Monday, September 19, 2016

Playa la Flor, searching for sea turtles

We went to Playa la Flor, in the late evening on a full moon night, in hopes of increasing our chances of seeing nesting turtles or seeing baby turtles digging their way out of their sandy nests. We strolled along the beach awash in the silver tones of moon light. We whispered to each other while on the sand, and witnessed just how different our modern world was to the peaceful serenity of the wild.  Lack of city lights or any other modern obstructions is probably the best aspect of this preserve.
   This place has changed little over the years and the campers love it that way.
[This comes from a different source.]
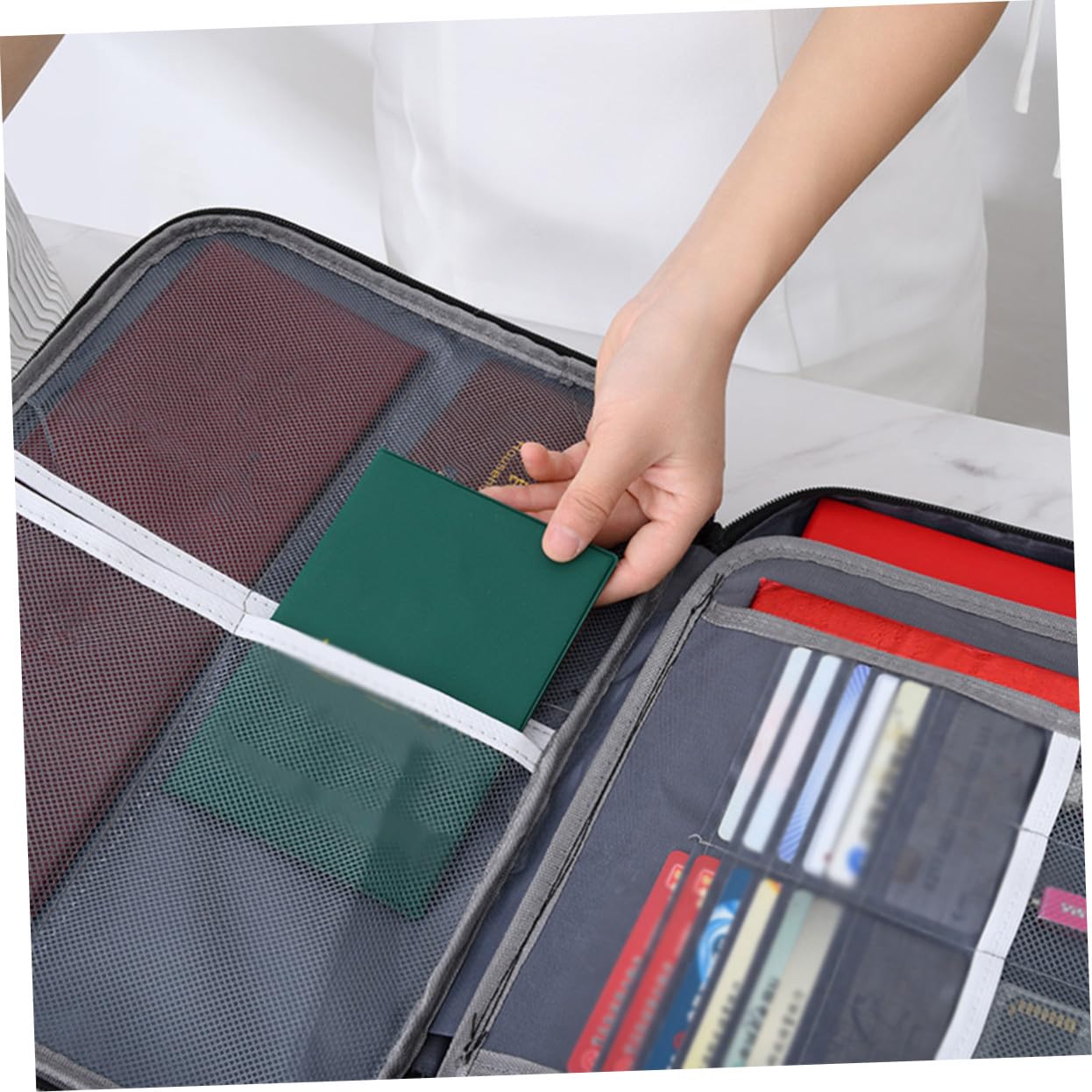 Borsa Portadocumenti Ignifuga Organizer da Viaggio con Cerniera Ignifuga e Serratura Codice per Documenti Carte e Oggetti di Valore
Imagine being in one of the most important Olive Ridley turtle nesting areas in the world and still being allowed to camp on the beach. Being able to experience sea turtles nesting, in unspoiled beauty, is a big reason why this beach reserve is so admired by its visitors.
   For us, we enjoyed being noise free, electricity free, and human encroachment free.  Hearing the bugs, night birds, and the crashing waves was sound enough for us. On the night that we were on the beach, no more than ten people were there and each of us were quiet observers, hoping to witness a natural wonder unfold.
   After a couple hours and many many mosquito bites later we realized that the arribada (a massive gathering of sea turtles) was not to be. We did, though, see some turtle nests and evidence some of the nest are being attacked by predators like raccoons and dogs. In fact, for the exposed nests that we encountered we reburied the eggs to give them a second chance. Nicaragua estimates that nearly 100 million turtle eggs were laid last year in this area, so chances are high for the continued success of the Olive Ridley turtle nesting program. If you ever get a chance to see Nicaragua, I recommend this area for sure.  
Park officials dig up some of the turtle eggs to hatch them separately in sacks containing sand. Incubating these eggs increases the turtle's chances for successful release into the wild.

Some of the broken egg shells along the beach.

Zoe was holding a recently damaged egg still containing yolk.

A look inside of one of the opened nests of turtle eggs.

The culprit, a canine paw print in the sand near the opened turtle nest.